> [WHAT IS NEEDED]
Below are entries. Copy exactly the lines running from the line that holds "C2G 10ft (3m)" to the line that holds "FRANCK MULLER AND", with both ends included.

> [Web page caption snippets]
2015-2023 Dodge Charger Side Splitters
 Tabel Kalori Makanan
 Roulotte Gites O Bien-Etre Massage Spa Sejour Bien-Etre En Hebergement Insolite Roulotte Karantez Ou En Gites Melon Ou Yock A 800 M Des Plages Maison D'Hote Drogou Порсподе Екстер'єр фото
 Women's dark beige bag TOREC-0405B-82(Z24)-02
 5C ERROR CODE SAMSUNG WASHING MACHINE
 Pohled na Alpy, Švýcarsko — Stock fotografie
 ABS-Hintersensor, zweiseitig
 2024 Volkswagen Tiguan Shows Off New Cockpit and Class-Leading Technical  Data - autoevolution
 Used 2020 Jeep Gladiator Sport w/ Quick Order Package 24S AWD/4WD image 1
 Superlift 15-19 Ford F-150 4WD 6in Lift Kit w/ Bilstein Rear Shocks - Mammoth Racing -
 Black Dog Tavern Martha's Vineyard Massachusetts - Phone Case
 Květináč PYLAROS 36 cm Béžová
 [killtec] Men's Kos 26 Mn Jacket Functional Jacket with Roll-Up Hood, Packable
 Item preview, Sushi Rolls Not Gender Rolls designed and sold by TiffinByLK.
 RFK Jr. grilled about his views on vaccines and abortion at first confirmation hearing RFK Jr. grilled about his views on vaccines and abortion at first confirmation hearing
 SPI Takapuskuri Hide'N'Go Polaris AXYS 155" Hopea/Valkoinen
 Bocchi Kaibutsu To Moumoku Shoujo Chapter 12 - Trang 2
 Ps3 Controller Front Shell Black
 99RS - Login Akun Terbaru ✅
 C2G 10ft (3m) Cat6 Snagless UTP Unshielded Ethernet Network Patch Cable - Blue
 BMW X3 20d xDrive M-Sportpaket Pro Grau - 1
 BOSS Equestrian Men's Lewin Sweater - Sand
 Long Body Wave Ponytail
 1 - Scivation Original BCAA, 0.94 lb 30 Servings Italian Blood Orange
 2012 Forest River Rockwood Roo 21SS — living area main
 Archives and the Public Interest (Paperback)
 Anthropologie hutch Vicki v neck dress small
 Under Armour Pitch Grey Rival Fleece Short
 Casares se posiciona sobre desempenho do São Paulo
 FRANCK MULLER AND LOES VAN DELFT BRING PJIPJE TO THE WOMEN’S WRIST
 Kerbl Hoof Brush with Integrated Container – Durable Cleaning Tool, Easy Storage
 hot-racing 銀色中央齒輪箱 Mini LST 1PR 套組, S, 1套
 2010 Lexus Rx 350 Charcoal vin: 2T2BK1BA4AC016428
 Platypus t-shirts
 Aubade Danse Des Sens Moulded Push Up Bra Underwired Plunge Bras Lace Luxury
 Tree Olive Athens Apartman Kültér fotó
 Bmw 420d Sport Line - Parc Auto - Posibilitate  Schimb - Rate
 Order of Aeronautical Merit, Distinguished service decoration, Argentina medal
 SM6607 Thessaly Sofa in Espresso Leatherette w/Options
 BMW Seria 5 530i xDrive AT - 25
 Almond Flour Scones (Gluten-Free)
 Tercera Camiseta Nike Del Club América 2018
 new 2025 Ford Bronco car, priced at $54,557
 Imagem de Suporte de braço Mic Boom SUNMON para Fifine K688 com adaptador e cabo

> [RESULT OF THE TASK]
 C2G 10ft (3m) Cat6 Snagless UTP Unshielded Ethernet Network Patch Cable - Blue
 BMW X3 20d xDrive M-Sportpaket Pro Grau - 1
 BOSS Equestrian Men's Lewin Sweater - Sand
 Long Body Wave Ponytail
 1 - Scivation Original BCAA, 0.94 lb 30 Servings Italian Blood Orange
 2012 Forest River Rockwood Roo 21SS — living area main
 Archives and the Public Interest (Paperback)
 Anthropologie hutch Vicki v neck dress small
 Under Armour Pitch Grey Rival Fleece Short
 Casares se posiciona sobre desempenho do São Paulo
 FRANCK MULLER AND LOES VAN DELFT BRING PJIPJE TO THE WOMEN’S WRIST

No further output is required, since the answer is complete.